_DATA PROVIDED_
○ ○ ○

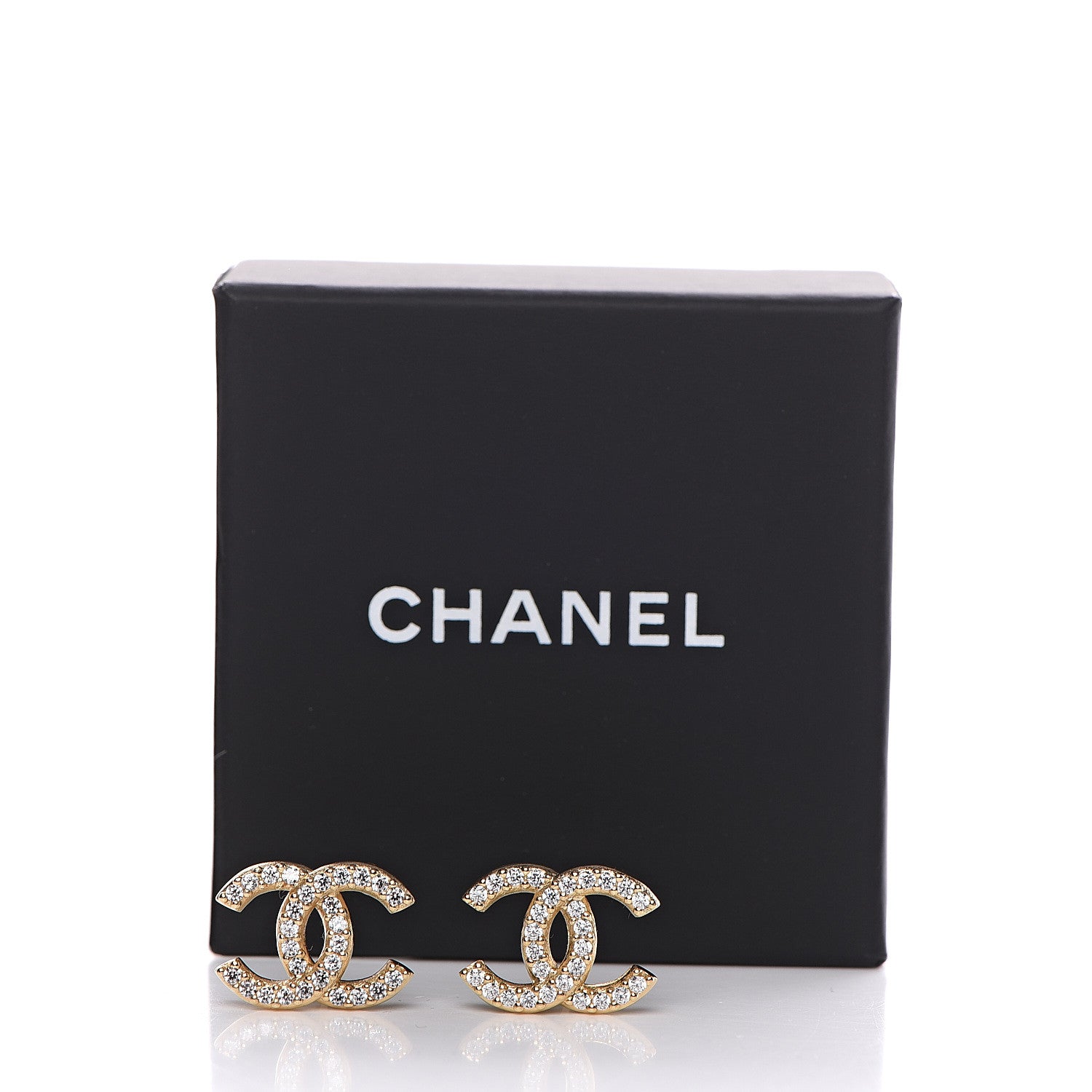Chanel Crystal CC Earrings Gold 5 of 5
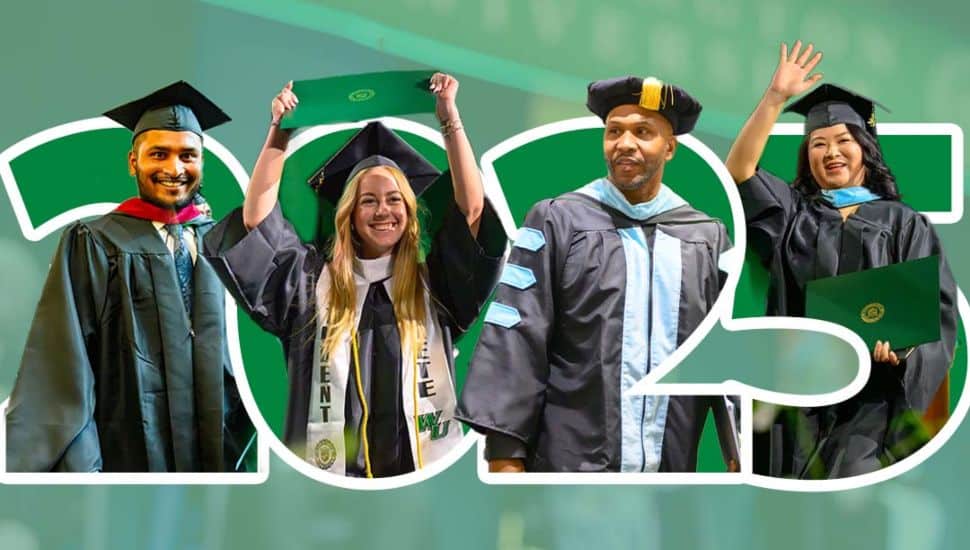 Wilmington University graduates celebrating in front of a backdrop featuring the WilmU logo. They are pictured within the numbers "2025."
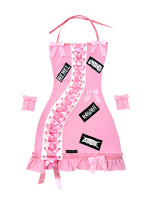 BB DOLL LACED'UP DRESS with patches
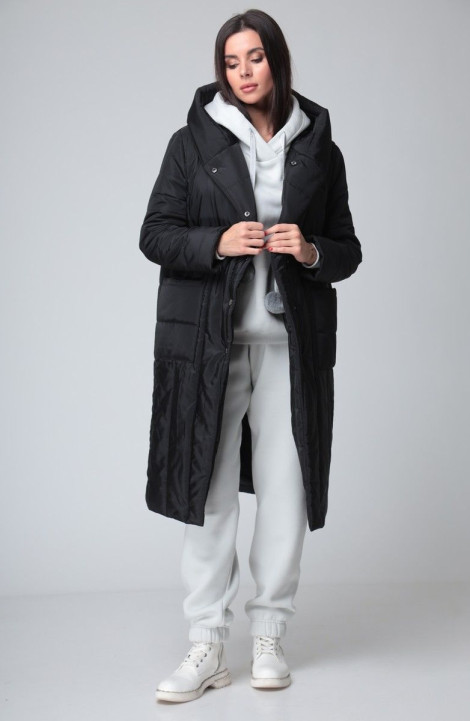 Женский комплект с пальто T&N 7181 черный-серый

○ ○ ○

_ABOUT THIS TASK_
Restate the data exactly, though only from the line that contains "Wilmington University graduates" through its last line, both ends included and with the pictures left out.

_EXERCISE OUTPUT_
 Wilmington University graduates celebrating in front of a backdrop featuring the WilmU logo. They are pictured within the numbers "2025."
 BB DOLL LACED'UP DRESS with patches
 Женский комплект с пальто T&N 7181 черный-серый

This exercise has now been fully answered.